-- What is being asked --
When you return the lines below, go from the first through the line with "David Warner was dismissed for a quick 19", keep them exact, and leave out every picture.

-- Stored data --
════════════════════
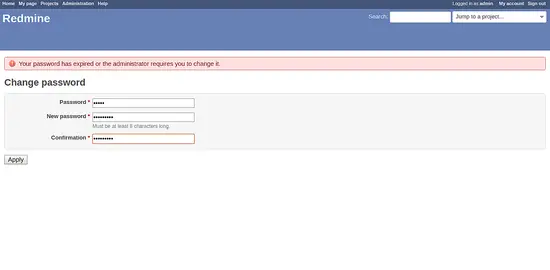 Изменение пароля администратора Redmine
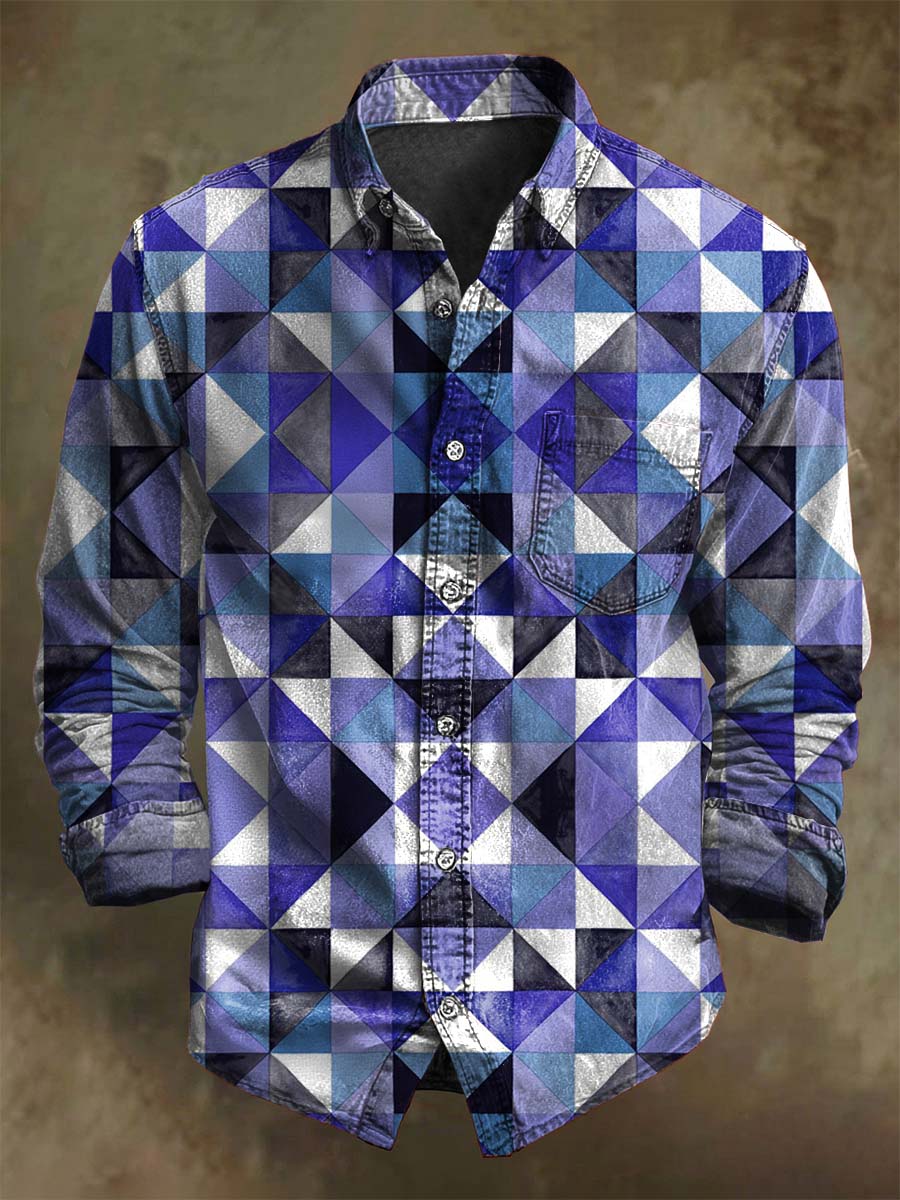 Irregular Geometric Print Casual Long Sleeve Shirt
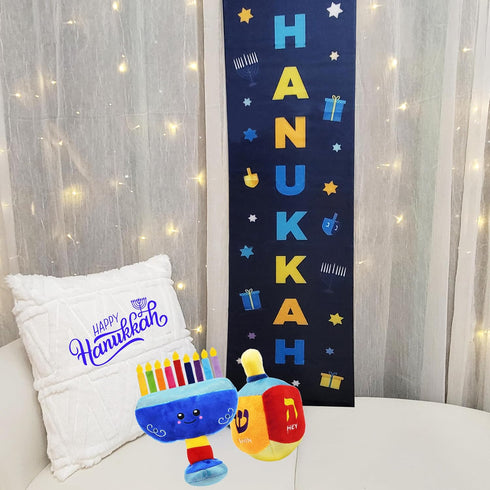 2 Plush Hanukkah Menorah & Plush Dreidel Toy Musical Menorah Plays Classic Hanukkah Melodies Includes Removable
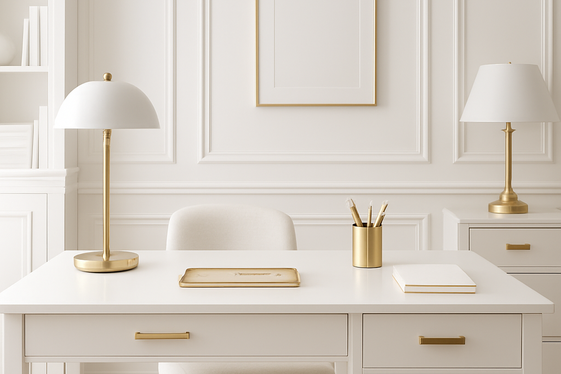 Highlight with Metallic Accents on White Surfaces illustration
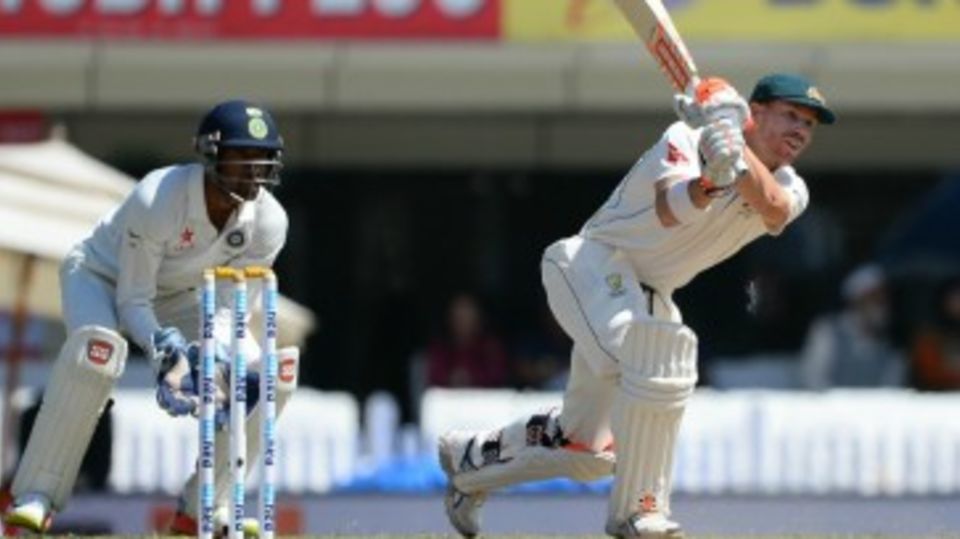 David Warner was dismissed for a quick 19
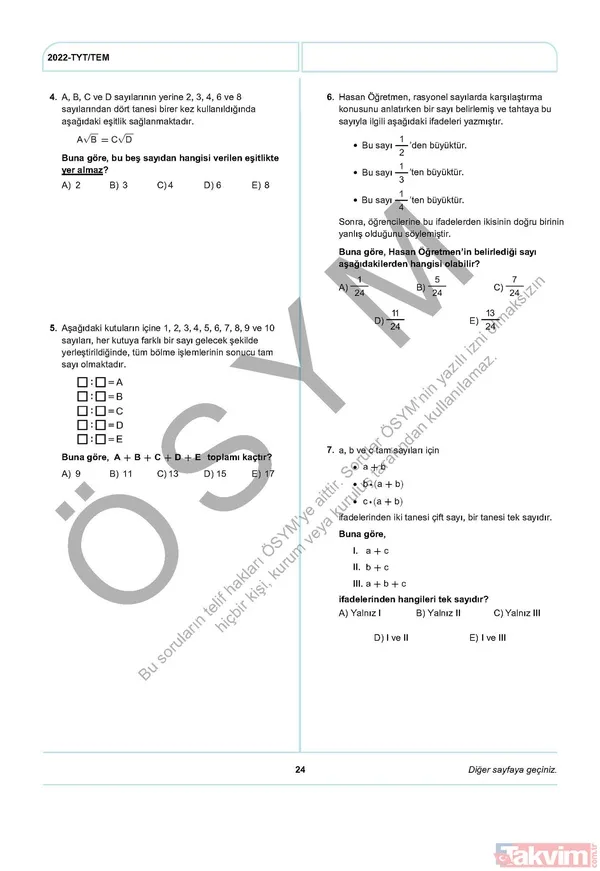 YKS TYT FUL A-B-C-D kitapçığı soru ve cevap anahtarı! 2022 YKS TYT SORU VE CEVAPLARI PDF İNDİR! osym.gov.tr YKS TYT Türkçe, Sosyal Bilimler, Matematik, Fen, Coğrafya, Din cevap anahtarı! - 26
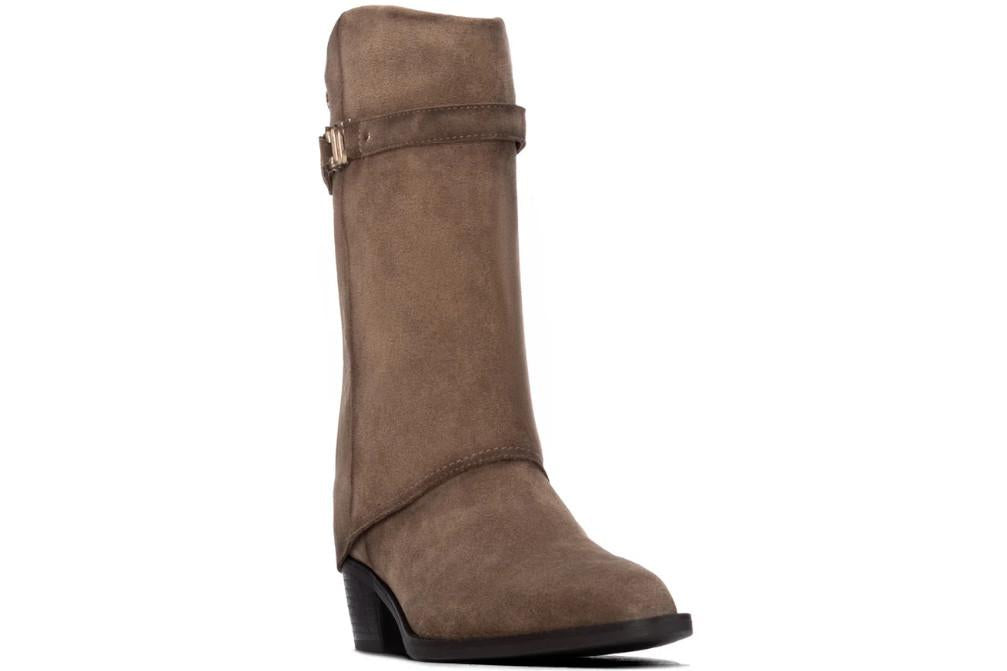 Bota cowboy de serraje para mujer Carmela 164328 taupe con tacón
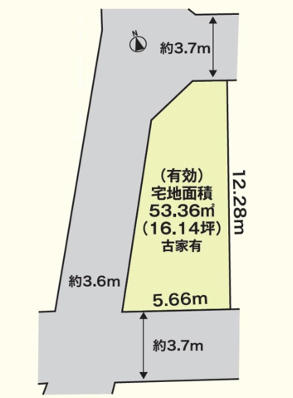 山ノ内駅 徒歩10分 土地面積:53.36平米 ( 16.14坪 )
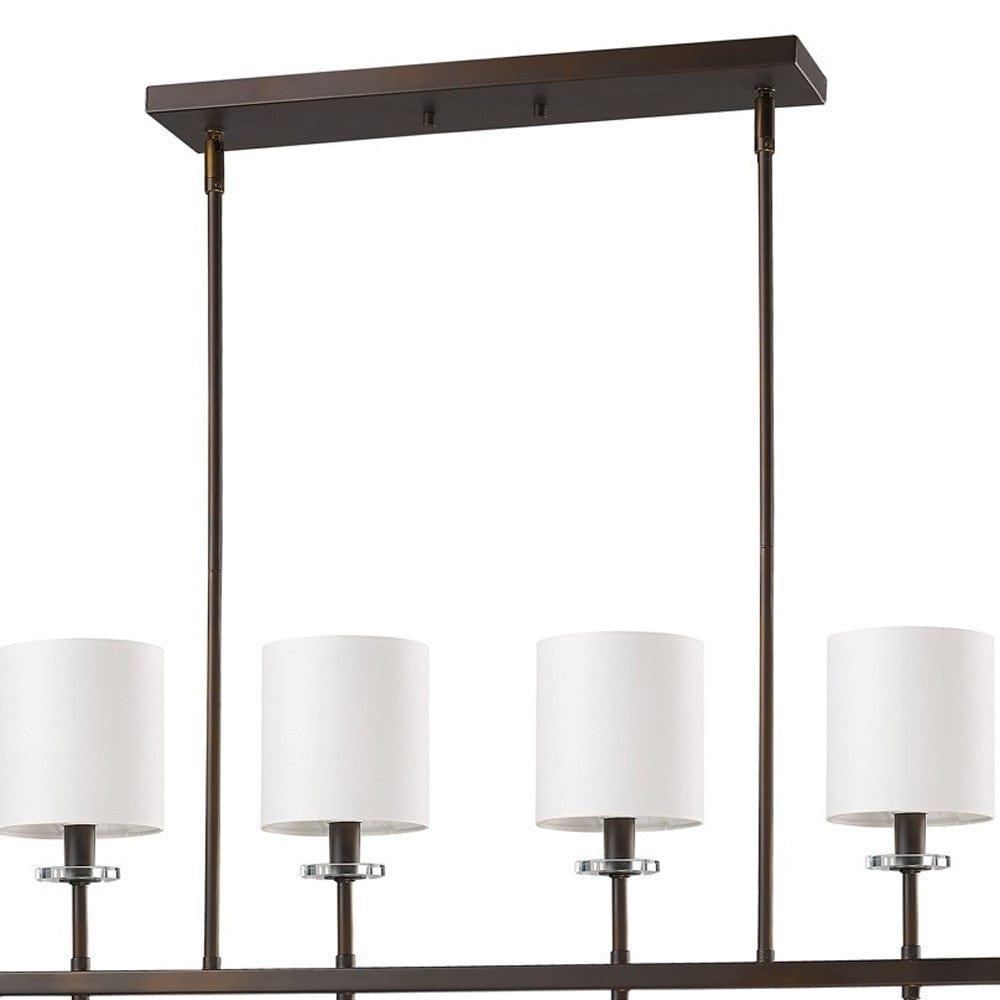 Kara 4-Light Oil-Rubbed Bronze Island Pendant With Fabric Shades And Crystal Bobeches - Homeroots
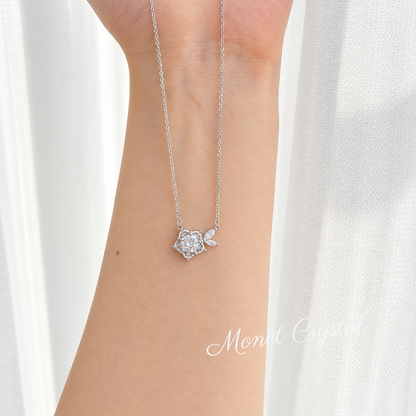 “Quiet Rose” S925 Sterling Silver Zircon Rose Necklace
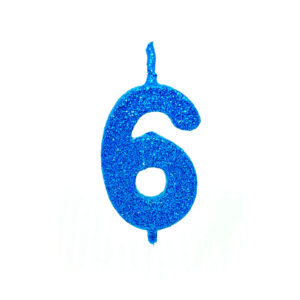 Vela Pick Premium Número 6 Azul Bello Festas 10x1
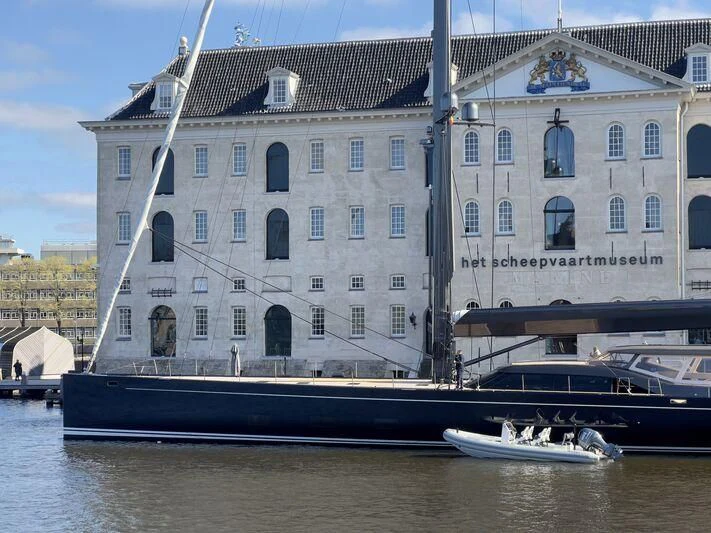 a boat in the water aboard NILAYA Yacht for Sale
════════════════════
-- Response area --
 Изменение пароля администратора Redmine
 Irregular Geometric Print Casual Long Sleeve Shirt
 2 Plush Hanukkah Menorah & Plush Dreidel Toy Musical Menorah Plays Classic Hanukkah Melodies Includes Removable
 Highlight with Metallic Accents on White Surfaces illustration
 David Warner was dismissed for a quick 19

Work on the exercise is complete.